A young girl came in and started studying some sheet music, trying to memorize a Whitney Houston song. She was about twelve, with long, straight hair. It was wonderful to be able to look at her without desire; having a prisoner made him impervious. Katie Pine had not been so lucky. Eric had actually been thinking about Billy LaBelle when Katie Pine happened along, looking at the band instruments but not buying. But the moment she came in, Eric had felt the grip of destiny: she would be his, and nothing anyone could do would stop it.

The LaBelle kid was a different matter. Billy LaBelle came in regularly for his lessons, and Eric had watched him over a period of weeks. Always came in by himself, always went home alone after a lesson, lugging his guitar. He’d had big plans for Billy, and then he’d gone and died on them. Well, he and Edie had learned their lesson; it wouldn’t happen again. No, no, he had big plans for this one.

He thought about his prisoner all the time now, imagining all sorts of things to do to him. Keith London’s picture was everywhere—it was up in the mall right outside Troy Music, on the streets, at the bus stops—but he’d only been in town about two hours before disappearing. No one was ever going to find him—certainly not the cops he’d seen on TV.

If only he could find exactly the right place. Somewhere secluded but easy to equip, somewhere he could really be free in. Somewhere he could set up camera and lights. It wasn’t easy. Abandoned houses don’t come along all that often.

“Finish that tomorrow, Eric. Look after the cash for a while, will you?”

“Okay, Alan. You said there was some inventory stuff too.”

“You can take care of that tomorrow. Look after the register now.”

The reason I have to look after the register, he thought, is because you have to play the old expert, don’t you. Have to show these suckers how to play a thing or two, right? Alan was tuning up a Dobro for some guy with hair down to his knees. In some ways, with his firmness and his gentleness, Alan reminded him of his last foster father.

The girl finally gave up trying to memorize the chords right there in the store, and decided to buy the Whitney Houston song after all.

“You play piano?” This bit of friendliness for Alan’s benefit, of course.

“Piano, yeah. A little bit.”

“That’s good. These chords will sound good on piano. They’re not great for guitar. Too many flats.” It was easy to talk when he was feeling so free. Having a prisoner available enabled him to chat with people just like Alan and Carl did. Eric tore off the receipt and taped it to the bag. “Good luck with this, now. Let us know if there’s any other music you’re looking for.”

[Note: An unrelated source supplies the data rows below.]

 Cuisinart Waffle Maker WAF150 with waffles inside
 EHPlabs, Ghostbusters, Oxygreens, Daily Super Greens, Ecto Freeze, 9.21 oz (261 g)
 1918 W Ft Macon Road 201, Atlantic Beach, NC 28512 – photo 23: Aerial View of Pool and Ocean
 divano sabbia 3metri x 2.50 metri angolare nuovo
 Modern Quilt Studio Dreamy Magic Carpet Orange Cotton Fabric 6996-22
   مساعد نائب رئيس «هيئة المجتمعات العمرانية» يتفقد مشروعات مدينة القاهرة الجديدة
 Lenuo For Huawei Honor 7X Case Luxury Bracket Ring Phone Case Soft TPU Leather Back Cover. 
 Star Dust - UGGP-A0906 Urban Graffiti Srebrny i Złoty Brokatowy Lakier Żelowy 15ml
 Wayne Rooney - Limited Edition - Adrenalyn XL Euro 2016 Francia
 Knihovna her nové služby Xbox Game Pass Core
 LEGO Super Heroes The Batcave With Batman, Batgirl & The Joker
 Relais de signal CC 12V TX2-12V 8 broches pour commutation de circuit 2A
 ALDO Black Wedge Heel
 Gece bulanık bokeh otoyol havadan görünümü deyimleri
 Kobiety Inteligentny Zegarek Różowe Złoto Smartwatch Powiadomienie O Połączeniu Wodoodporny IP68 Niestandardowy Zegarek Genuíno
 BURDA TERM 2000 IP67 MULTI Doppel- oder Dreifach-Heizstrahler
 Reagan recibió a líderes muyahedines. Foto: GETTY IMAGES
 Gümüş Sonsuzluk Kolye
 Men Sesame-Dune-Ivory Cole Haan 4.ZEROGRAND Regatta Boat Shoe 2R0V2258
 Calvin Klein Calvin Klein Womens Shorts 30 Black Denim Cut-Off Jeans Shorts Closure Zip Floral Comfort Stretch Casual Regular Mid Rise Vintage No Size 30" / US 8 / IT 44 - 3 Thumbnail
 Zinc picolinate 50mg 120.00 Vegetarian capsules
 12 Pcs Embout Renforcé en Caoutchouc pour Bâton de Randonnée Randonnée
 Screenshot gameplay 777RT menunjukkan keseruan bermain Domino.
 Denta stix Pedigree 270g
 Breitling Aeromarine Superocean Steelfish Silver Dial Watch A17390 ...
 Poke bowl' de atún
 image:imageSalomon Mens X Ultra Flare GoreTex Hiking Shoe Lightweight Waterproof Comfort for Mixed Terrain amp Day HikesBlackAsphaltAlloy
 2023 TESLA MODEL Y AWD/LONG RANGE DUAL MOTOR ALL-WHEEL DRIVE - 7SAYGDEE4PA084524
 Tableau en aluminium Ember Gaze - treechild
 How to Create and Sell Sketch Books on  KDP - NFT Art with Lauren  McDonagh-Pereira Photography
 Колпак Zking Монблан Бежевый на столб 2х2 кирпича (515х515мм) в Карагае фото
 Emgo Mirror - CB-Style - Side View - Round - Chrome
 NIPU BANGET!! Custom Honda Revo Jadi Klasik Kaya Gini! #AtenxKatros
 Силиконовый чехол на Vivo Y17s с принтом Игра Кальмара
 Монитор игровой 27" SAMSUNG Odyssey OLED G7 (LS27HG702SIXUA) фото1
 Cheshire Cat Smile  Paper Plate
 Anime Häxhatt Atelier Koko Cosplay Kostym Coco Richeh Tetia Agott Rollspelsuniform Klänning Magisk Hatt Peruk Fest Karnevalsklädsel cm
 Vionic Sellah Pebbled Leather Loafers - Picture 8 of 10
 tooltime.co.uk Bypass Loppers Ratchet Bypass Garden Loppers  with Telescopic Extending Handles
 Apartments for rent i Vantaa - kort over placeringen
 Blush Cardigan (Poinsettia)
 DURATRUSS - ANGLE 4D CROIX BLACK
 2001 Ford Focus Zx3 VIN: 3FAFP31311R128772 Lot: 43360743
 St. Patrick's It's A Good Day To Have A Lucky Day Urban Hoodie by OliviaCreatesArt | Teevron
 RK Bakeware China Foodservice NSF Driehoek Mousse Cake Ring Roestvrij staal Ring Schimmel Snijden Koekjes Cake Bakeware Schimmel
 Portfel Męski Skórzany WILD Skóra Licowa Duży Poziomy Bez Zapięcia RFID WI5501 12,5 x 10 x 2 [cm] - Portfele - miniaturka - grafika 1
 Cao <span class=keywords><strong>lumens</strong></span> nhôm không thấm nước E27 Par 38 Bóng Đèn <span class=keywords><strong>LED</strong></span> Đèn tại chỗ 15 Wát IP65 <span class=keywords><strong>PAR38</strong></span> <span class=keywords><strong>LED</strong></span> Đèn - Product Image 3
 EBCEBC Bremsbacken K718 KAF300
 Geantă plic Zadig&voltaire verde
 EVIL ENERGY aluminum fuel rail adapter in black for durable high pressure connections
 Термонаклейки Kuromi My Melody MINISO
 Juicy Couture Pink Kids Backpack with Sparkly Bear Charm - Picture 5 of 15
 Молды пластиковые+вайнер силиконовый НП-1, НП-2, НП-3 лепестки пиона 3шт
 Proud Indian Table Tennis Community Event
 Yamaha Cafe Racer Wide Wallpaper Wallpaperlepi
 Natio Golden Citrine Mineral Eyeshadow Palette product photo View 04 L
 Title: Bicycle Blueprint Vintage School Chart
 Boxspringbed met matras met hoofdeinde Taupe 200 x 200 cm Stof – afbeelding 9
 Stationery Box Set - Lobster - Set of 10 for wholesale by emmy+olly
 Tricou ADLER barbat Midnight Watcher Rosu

“Oh, thanks. That’s great.” Sprinkling of acne, mouth full of braces. Amazing. Just a week ago I’d have been too upset to speak to her, too gripped. My heart would have been pure thunder, and terrible images would have blotted out the cash register.

Now Eric could watch her flick that long, straight hair without a trace of nerves. This was control.

Jane, his foster sister, had had long, straight hair like that, except Jane’s was blonde. It used to fascinate him. She was always playing with it, too, twirling a strand unconsciously while she watched TV, squinting at it cross-eyed looking for split ends. Sometimes Eric would touch it and she wouldn’t even know. If she was sitting in the front of the car, say, and he was sitting in the back, he could touch that golden, sweet-smelling stuff and she’d be none the wiser.

He daydreamed about Jane for a while. All the things he would have done to her if he’d had the chance. Eventually, Alan Troy told him it was looking pretty slow, he could take the rest of the night off.

“You sure, Alan? I can hang around for a while, if you want.”

“No, that’s okay. Carl’s here to close up.”

Eric had his coat on and was just about out the door when, on an impulse, he asked, “How much you figure an Ovation’s worth, second-hand?”

Alan didn’t look up from the register, where he was counting money. “Why, Eric? You have one to sell?”

“Some guy tried to sell me one the other day. Wanted three hundred for it.”

“Well, it depends on the model, of course. You can’t get an Ovation new for under eight hundred, though, so it sounds like a good deal—depending on the action and so forth.”

“Seemed pretty good. I’m not exactly an expert, though.”

“Why don’t you bring it in, if the guy’ll let you? I’ll check it out. Give you a mechanic’s report, so to speak.”

“Maybe I’ll do that. I think the guy left town, though. ’Night, Alan.”

“Goodnight, Eric.”

“Be careful driving home. It’s turning into slush city out there.”

Alan gave him an amused, assessing look. “You’re in a good mood these days.”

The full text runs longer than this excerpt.